Conclusion : Severe haemorrhage after abdominal paracentesis in patients with liver disease occurs in 0.2% of cases. It occurs in patients with severe liver failure and is often associated with significant pre-existing renal dysfunction.


Abdominal paracentesis is a routine diagnostic and therapeutic procedure in patients with liver disease.

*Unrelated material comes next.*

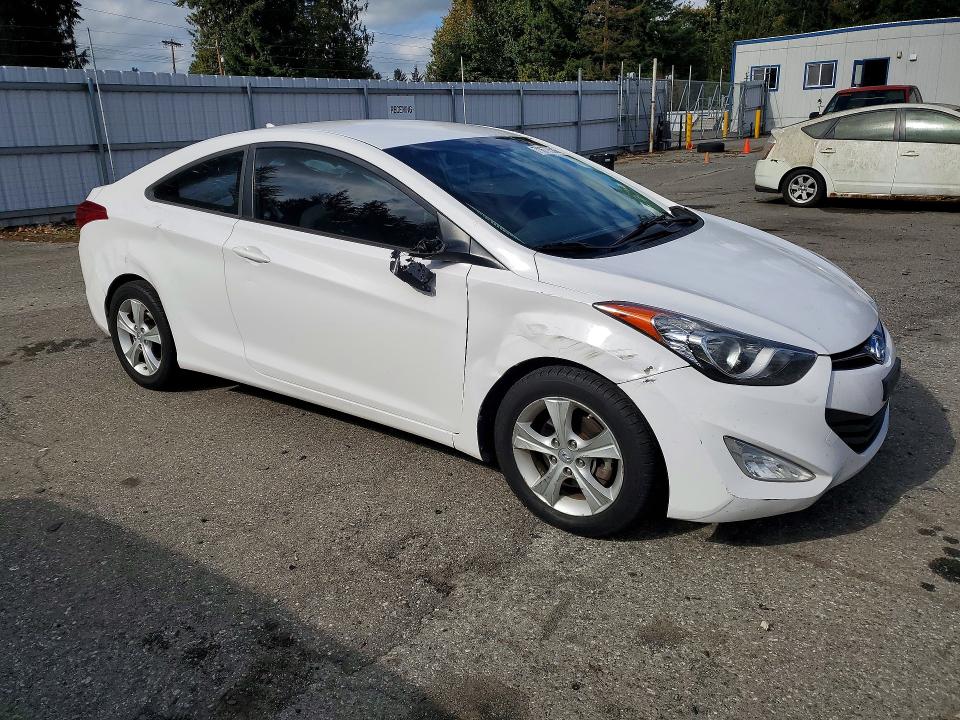 2013 Hyundai Elantra Coupe მანქანა იყიდება აუქციონზე, vin: KMHDH6AE0DU008827, აუქციონის ნომერი: 71679586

It is considered a safe and rarely contraindicated procedure.1, 2 Abdominal wall haematomas arise in <2% of punctures, and significant haemorrhage requiring transfusion occurs in <1% of patients.1, 3–5 It has been suggested that the complication rate may be higher when paracentesis is performed by inexperienced operators.6 The presence of abnormal coagulation parameters should preclude paracentesis only if there is clinical evidence of fibrinolysis or disseminated intravascular coagulation.1 No existent data support a cut-off value for coagulation parameters beyond which paracentesis should be avoided: platelet transfusion or fresh frozen plasma (FFP) administration before the procedure is not currently recommended in patients with coagulation disorders and/or thrombocytopenia.2, 5, 7–10 Recently, a large-scale study addressed the safety of paracentesis performed using a standardized approach in out-patient clinics. No haemorrhagic complication occurred in over 1000 procedures despite platelets counts being as low as 19 × 103/μL and international normalized ratio (INR) as high as 8.7.11

Although death secondary to haemorrhagic abdominal paracentesis is a known complication, few isolated cases have been reported in the literature.1, 3, 5, 12–16 The incidence of mortality caused by severe haemorrhage following this procedure has not been determined so far.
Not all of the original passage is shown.